▸ **Exercise**
Exercise in exact copying: restate word for word only the lines below from the one containing "Portrait of a" through the one containing "kitchen with light", omitting any pictures.

————————

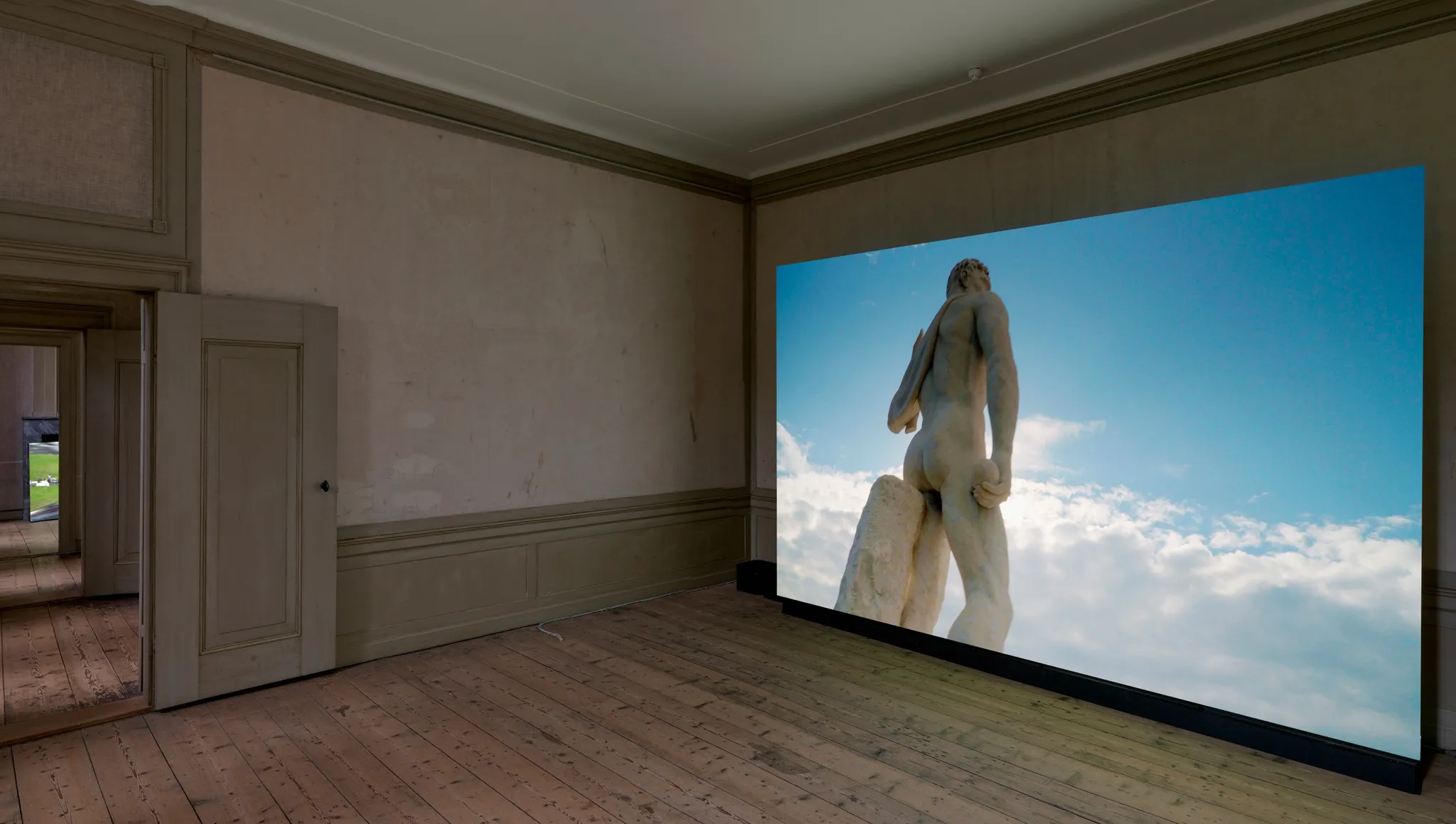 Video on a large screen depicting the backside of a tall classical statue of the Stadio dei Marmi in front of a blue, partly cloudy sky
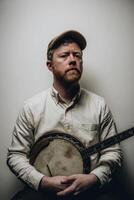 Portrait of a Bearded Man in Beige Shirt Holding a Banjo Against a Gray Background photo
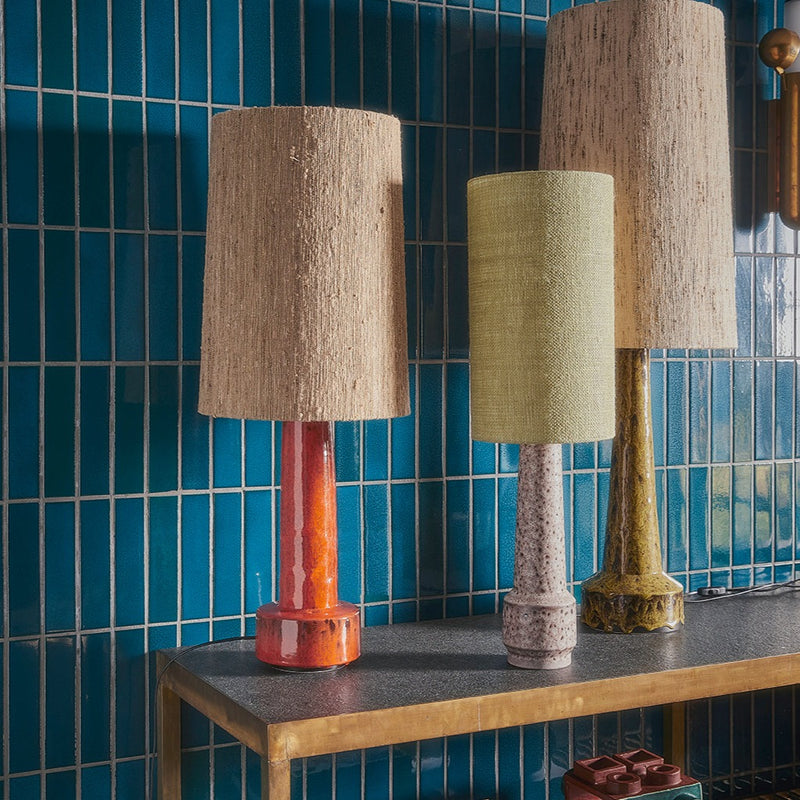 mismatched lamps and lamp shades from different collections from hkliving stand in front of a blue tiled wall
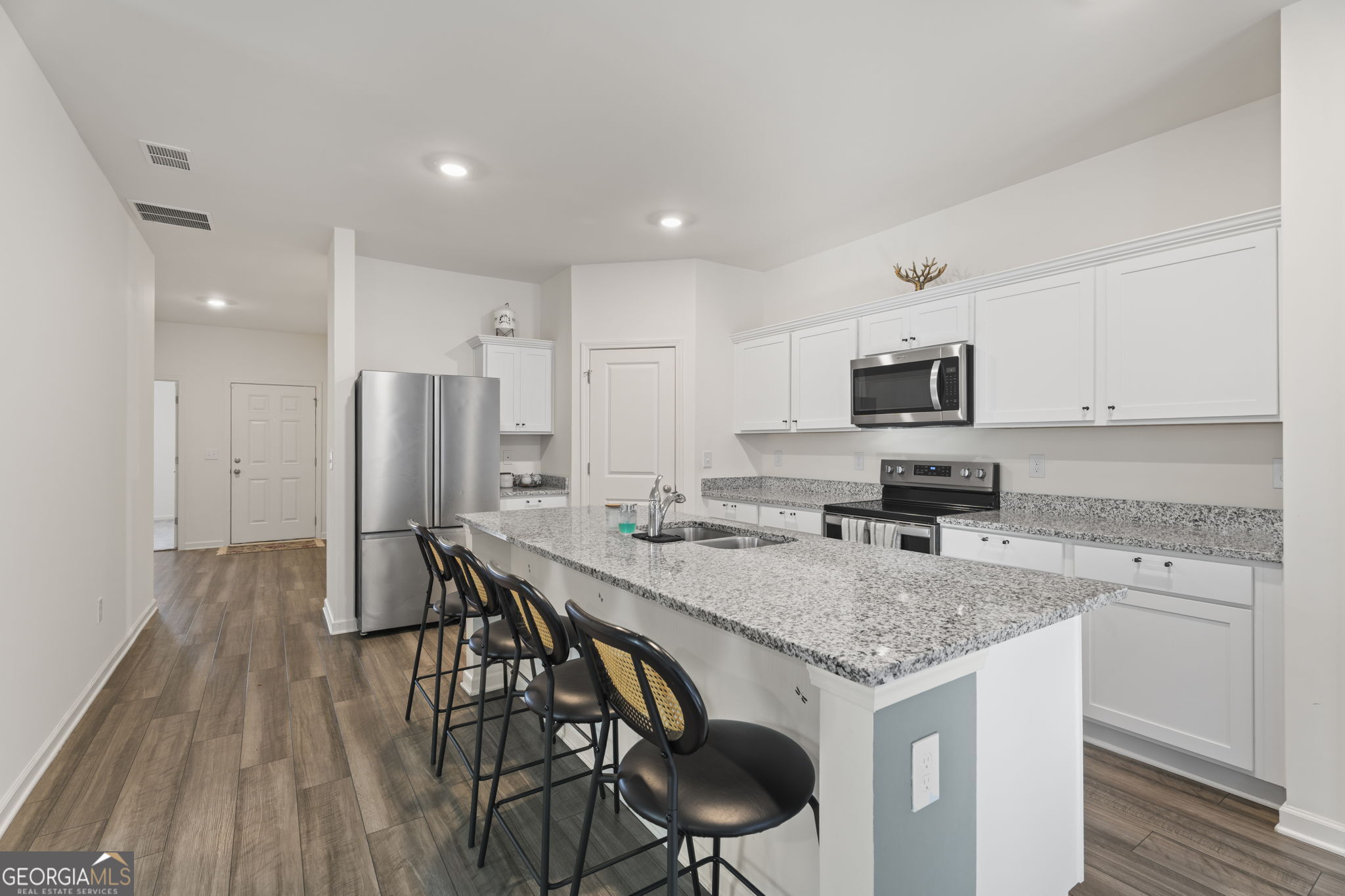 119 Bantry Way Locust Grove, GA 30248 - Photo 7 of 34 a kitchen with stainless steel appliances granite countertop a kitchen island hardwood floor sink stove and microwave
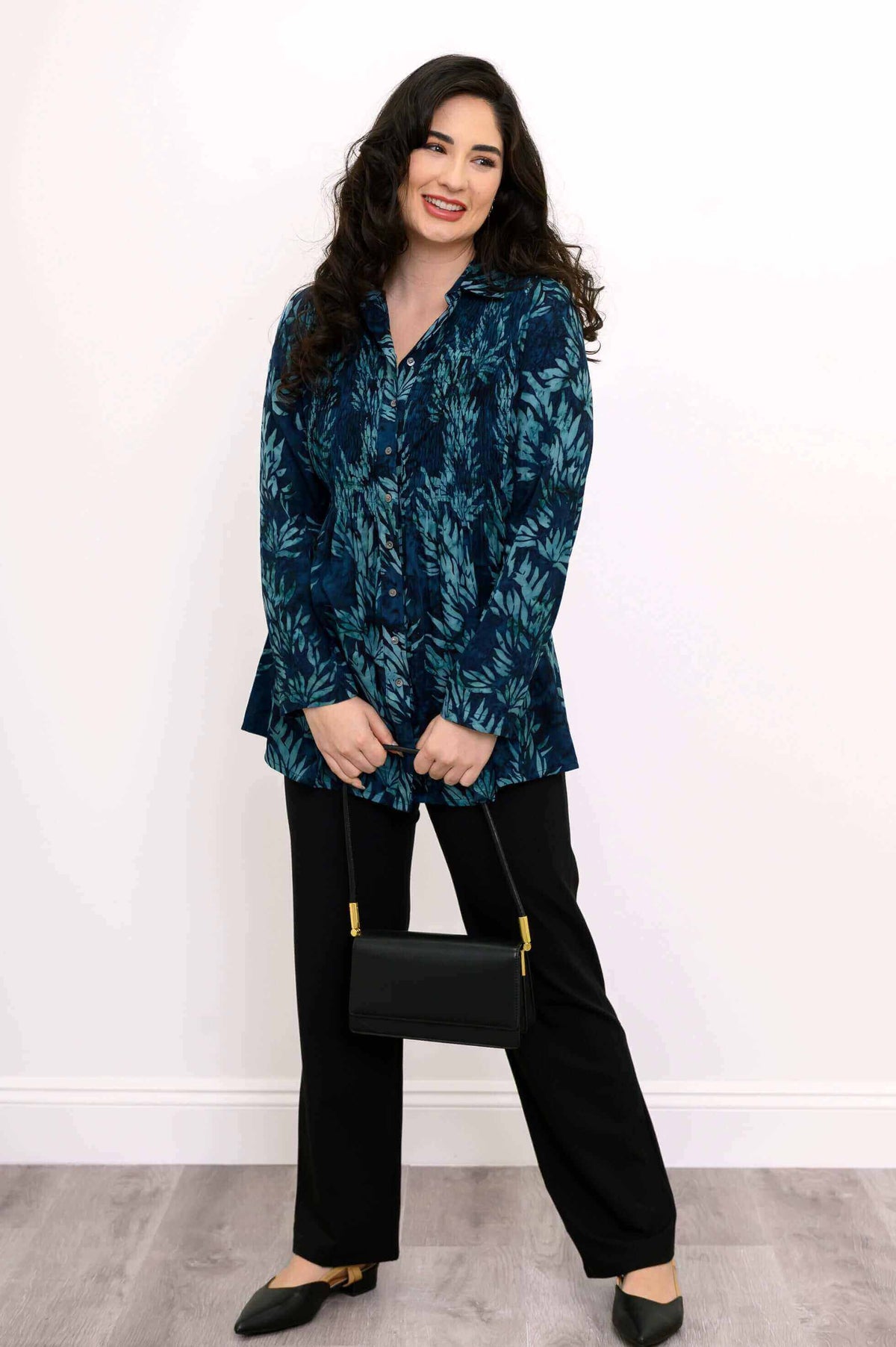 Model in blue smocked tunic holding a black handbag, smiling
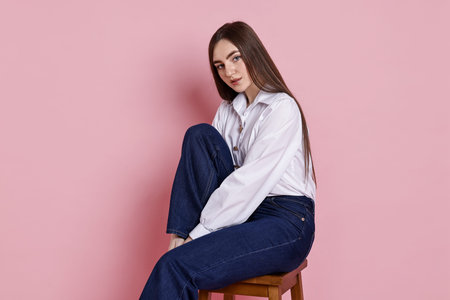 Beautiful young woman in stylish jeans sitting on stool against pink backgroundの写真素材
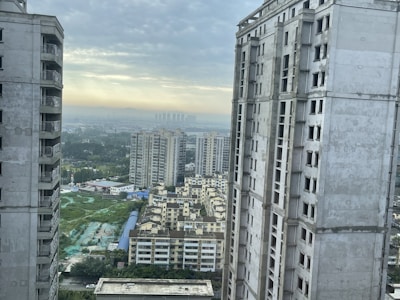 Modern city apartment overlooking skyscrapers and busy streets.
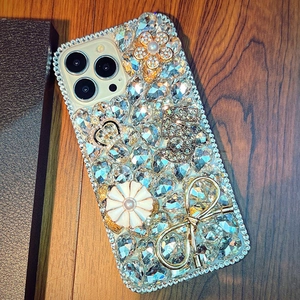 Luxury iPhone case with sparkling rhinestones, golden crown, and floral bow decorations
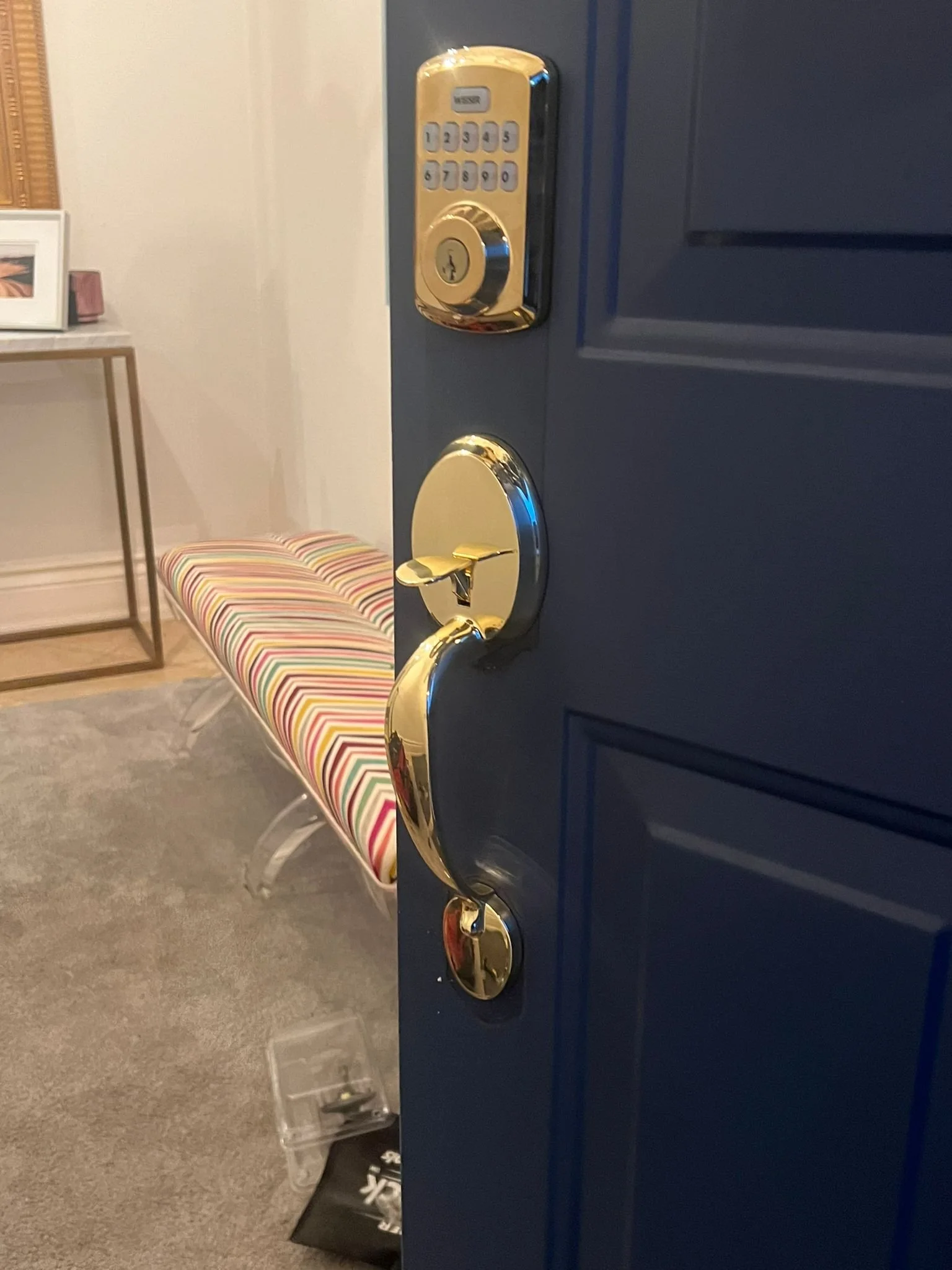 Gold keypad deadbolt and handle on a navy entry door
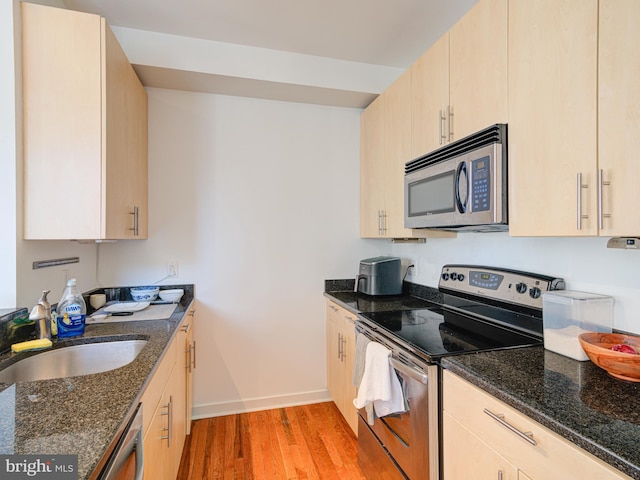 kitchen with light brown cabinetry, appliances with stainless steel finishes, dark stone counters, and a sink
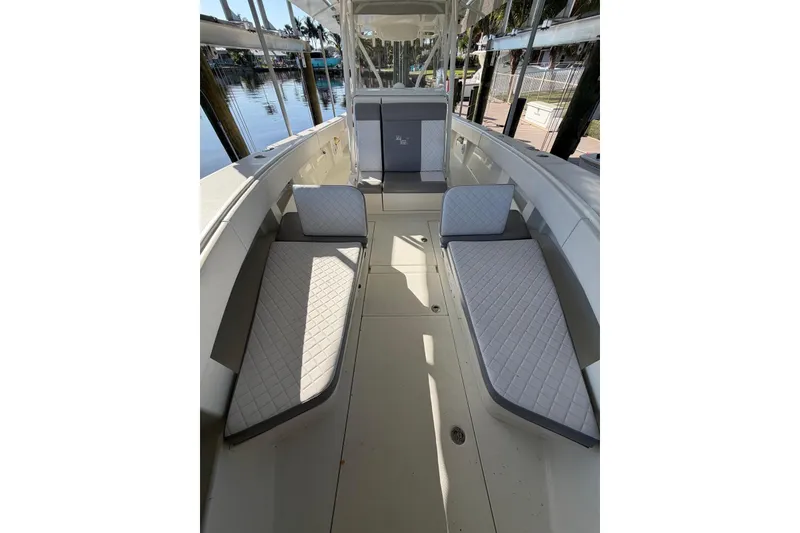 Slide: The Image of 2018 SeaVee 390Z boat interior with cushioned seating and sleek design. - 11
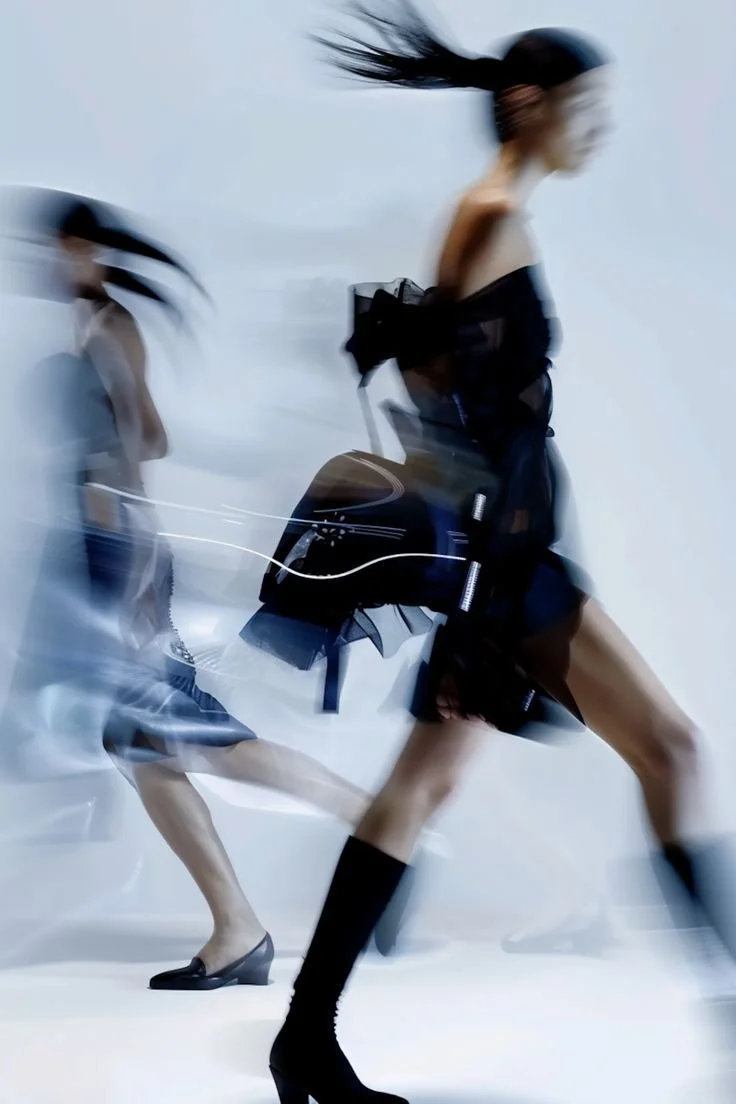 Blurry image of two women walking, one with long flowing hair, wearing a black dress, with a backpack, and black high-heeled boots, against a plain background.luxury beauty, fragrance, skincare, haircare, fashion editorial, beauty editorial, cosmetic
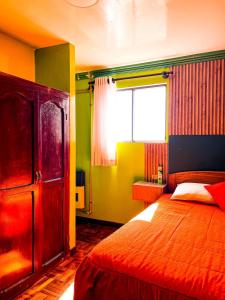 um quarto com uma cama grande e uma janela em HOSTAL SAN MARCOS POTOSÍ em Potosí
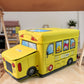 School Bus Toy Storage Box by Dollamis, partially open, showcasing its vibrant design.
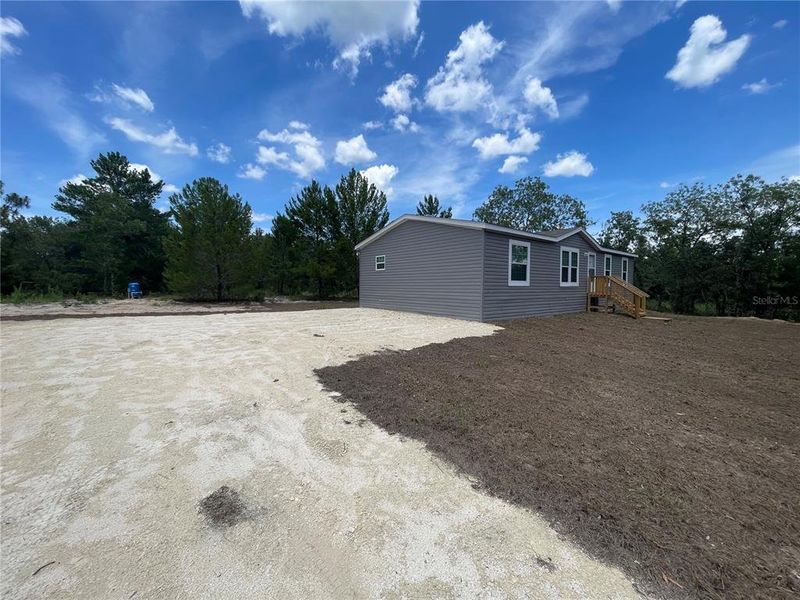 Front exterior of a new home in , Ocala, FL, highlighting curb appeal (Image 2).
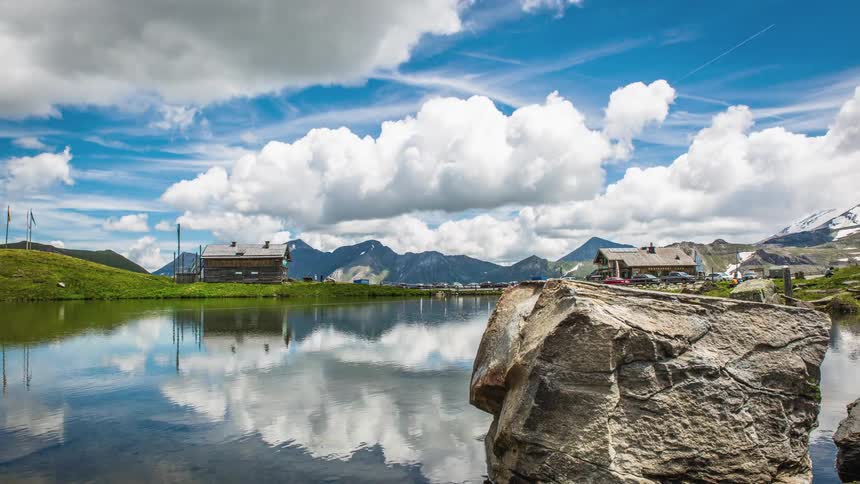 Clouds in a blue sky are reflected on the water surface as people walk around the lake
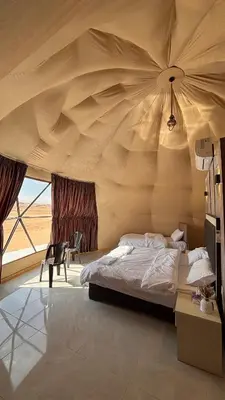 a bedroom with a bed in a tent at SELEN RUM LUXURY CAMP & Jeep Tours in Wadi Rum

————————

▸ **Result of the exercise**
 Portrait of a Bearded Man in Beige Shirt Holding a Banjo Against a Gray Background photo
 mismatched lamps and lamp shades from different collections from hkliving stand in front of a blue tiled wall
 119 Bantry Way Locust Grove, GA 30248 - Photo 7 of 34 a kitchen with stainless steel appliances granite countertop a kitchen island hardwood floor sink stove and microwave
 Model in blue smocked tunic holding a black handbag, smiling
 Beautiful young woman in stylish jeans sitting on stool against pink backgroundの写真素材
 Modern city apartment overlooking skyscrapers and busy streets.
 Luxury iPhone case with sparkling rhinestones, golden crown, and floral bow decorations
 Gold keypad deadbolt and handle on a navy entry door
 kitchen with light brown cabinetry, appliances with stainless steel finishes, dark stone counters, and a sink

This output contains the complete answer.